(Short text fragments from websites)
------------------------------------------------------------

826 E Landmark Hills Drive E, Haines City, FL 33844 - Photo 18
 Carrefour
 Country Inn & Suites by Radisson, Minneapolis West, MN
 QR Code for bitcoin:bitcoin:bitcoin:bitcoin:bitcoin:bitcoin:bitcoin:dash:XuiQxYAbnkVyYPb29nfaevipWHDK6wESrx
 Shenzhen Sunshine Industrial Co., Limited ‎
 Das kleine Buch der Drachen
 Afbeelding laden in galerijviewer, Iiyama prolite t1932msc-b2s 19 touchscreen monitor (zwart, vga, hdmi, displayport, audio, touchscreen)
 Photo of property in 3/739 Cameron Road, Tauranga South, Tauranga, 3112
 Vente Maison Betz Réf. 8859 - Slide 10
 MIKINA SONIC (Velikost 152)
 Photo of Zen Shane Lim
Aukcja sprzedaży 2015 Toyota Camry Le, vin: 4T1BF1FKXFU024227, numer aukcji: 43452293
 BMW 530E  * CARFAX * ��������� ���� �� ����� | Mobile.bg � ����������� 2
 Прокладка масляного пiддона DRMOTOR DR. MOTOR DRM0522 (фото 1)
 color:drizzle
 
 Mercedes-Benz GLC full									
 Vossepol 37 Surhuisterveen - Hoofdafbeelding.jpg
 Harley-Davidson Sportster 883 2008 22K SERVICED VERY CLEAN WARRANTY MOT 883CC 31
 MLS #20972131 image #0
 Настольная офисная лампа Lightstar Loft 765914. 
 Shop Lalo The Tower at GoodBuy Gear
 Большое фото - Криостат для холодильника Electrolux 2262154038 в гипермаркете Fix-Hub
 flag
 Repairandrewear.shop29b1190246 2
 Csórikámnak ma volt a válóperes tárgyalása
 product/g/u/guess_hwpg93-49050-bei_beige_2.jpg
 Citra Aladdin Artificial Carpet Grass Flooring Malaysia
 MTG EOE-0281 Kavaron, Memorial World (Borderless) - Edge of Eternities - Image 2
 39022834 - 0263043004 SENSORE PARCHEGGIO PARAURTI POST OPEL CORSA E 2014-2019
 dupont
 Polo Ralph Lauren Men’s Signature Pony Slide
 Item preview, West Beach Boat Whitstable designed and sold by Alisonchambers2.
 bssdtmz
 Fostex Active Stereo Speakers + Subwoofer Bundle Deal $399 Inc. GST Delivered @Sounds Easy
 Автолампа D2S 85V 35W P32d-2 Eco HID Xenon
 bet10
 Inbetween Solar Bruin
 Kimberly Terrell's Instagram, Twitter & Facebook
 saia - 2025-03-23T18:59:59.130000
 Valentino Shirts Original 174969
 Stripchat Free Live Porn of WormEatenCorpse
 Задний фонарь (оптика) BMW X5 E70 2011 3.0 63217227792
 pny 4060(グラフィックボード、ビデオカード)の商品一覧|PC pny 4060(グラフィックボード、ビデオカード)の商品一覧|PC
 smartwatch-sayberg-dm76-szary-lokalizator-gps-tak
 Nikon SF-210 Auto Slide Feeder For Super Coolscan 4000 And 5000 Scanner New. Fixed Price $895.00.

------------------------------------------------------------

- Exercise brief: Work out how many lines above contain "West"; write only the number.

- Solution: 2